**Exercise details:**
Go through the material line by line and tally those containing the string "Terreno". Only the tally is wanted.
Content starts
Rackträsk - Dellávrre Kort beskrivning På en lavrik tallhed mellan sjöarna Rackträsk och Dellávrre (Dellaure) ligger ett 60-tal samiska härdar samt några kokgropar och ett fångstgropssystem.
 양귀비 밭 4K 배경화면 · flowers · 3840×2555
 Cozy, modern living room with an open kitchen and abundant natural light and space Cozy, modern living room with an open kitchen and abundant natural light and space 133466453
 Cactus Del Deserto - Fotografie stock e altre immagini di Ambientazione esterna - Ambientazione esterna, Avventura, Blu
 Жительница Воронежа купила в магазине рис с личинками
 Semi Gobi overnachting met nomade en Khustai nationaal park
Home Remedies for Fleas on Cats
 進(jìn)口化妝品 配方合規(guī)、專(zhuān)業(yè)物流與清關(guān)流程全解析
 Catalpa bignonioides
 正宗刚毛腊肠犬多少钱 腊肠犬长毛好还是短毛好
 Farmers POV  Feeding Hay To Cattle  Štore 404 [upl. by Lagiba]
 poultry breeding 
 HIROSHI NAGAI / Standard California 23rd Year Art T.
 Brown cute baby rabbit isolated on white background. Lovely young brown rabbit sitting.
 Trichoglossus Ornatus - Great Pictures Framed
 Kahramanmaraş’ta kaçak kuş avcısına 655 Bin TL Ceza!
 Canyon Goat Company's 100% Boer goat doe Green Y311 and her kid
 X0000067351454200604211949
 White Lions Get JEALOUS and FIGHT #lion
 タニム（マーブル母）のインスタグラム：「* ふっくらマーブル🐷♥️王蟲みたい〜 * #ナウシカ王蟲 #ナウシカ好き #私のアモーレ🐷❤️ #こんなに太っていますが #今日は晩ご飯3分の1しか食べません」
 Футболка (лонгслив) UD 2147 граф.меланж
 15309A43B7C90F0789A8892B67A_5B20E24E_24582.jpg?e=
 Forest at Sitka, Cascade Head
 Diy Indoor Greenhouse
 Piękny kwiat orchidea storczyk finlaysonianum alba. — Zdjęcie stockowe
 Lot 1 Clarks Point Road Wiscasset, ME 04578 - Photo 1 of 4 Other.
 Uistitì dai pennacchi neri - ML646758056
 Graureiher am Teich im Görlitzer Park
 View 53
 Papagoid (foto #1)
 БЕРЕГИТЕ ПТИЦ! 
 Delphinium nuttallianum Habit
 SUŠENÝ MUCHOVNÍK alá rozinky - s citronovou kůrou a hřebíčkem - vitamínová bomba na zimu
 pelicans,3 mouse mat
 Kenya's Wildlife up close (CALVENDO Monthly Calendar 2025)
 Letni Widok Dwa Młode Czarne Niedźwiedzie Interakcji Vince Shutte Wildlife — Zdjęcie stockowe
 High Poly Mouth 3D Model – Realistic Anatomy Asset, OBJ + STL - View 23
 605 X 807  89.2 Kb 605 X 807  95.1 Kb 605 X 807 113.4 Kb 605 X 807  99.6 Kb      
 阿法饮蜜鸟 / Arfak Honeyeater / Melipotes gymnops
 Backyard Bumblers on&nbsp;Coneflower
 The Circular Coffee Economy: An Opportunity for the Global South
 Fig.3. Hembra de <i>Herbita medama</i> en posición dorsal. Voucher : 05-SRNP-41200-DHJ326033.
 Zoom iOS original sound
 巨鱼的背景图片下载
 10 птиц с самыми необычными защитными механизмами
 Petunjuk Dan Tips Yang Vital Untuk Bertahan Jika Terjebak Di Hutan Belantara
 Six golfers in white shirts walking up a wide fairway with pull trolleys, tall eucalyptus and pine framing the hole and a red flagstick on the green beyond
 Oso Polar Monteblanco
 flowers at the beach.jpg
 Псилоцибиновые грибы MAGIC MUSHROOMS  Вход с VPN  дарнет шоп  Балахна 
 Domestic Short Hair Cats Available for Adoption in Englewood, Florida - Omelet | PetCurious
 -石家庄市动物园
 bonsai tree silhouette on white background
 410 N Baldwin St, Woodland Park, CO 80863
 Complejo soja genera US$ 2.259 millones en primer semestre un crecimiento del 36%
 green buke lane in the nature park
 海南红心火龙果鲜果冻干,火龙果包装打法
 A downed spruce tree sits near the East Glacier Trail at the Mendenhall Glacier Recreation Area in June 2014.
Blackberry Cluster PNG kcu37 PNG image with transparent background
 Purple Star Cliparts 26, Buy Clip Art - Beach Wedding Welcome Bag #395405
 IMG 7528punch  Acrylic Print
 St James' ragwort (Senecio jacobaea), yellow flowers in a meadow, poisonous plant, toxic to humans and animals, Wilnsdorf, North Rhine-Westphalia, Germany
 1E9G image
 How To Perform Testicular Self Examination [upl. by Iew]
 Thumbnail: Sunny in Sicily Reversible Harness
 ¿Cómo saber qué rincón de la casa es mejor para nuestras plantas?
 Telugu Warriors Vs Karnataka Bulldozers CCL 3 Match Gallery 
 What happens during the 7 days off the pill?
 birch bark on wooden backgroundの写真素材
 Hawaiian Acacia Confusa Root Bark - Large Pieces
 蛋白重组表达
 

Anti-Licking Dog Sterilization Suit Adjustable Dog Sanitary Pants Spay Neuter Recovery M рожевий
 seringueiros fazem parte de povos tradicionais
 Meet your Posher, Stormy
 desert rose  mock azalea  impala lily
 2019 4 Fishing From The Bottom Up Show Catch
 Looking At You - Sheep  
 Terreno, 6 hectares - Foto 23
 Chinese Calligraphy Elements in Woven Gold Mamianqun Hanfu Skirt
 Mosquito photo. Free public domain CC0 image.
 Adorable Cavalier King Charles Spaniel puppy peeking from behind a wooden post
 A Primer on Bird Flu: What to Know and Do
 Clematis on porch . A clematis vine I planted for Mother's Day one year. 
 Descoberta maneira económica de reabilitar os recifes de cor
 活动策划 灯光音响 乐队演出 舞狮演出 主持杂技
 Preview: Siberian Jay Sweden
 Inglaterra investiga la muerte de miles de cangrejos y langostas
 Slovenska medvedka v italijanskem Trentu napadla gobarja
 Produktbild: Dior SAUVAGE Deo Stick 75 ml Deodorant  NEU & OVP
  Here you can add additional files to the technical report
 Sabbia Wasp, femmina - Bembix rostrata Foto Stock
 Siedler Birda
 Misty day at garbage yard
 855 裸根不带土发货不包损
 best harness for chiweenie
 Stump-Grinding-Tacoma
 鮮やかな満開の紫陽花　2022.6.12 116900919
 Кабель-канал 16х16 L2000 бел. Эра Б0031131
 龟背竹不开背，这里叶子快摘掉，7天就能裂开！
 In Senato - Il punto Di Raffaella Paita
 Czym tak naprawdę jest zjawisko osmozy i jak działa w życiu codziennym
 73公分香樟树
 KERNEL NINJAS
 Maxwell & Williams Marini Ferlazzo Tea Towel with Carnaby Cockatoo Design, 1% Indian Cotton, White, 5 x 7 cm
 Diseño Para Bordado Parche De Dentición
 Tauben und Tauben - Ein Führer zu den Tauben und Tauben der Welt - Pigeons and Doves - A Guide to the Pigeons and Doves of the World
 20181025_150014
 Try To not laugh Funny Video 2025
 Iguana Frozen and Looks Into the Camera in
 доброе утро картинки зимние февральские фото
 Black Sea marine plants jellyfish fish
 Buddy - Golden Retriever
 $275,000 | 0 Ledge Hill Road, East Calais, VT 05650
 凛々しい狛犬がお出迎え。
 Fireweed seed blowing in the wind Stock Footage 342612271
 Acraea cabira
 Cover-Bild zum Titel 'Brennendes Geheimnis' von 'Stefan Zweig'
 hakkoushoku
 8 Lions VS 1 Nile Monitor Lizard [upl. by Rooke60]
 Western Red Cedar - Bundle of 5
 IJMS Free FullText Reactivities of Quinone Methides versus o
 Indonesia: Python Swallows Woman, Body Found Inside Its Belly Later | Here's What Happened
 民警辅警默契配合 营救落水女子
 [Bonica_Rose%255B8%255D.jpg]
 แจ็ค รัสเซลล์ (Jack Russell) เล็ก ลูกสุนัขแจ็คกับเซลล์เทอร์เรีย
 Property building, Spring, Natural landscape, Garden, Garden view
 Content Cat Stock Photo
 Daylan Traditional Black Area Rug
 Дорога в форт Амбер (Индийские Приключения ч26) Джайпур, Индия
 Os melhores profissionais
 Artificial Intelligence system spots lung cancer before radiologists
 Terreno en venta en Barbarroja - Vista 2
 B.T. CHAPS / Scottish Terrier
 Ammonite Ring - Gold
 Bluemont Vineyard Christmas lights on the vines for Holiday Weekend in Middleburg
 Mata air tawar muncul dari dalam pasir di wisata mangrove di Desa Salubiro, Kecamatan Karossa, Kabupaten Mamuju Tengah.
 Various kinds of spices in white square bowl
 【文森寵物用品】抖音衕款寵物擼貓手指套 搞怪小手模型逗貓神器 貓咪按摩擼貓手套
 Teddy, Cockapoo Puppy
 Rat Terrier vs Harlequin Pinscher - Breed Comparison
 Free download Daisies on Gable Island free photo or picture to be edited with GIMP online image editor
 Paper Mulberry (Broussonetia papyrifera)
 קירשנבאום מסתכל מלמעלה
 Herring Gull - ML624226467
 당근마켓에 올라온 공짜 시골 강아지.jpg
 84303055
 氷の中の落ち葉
Content ends
**Result of the task:**
2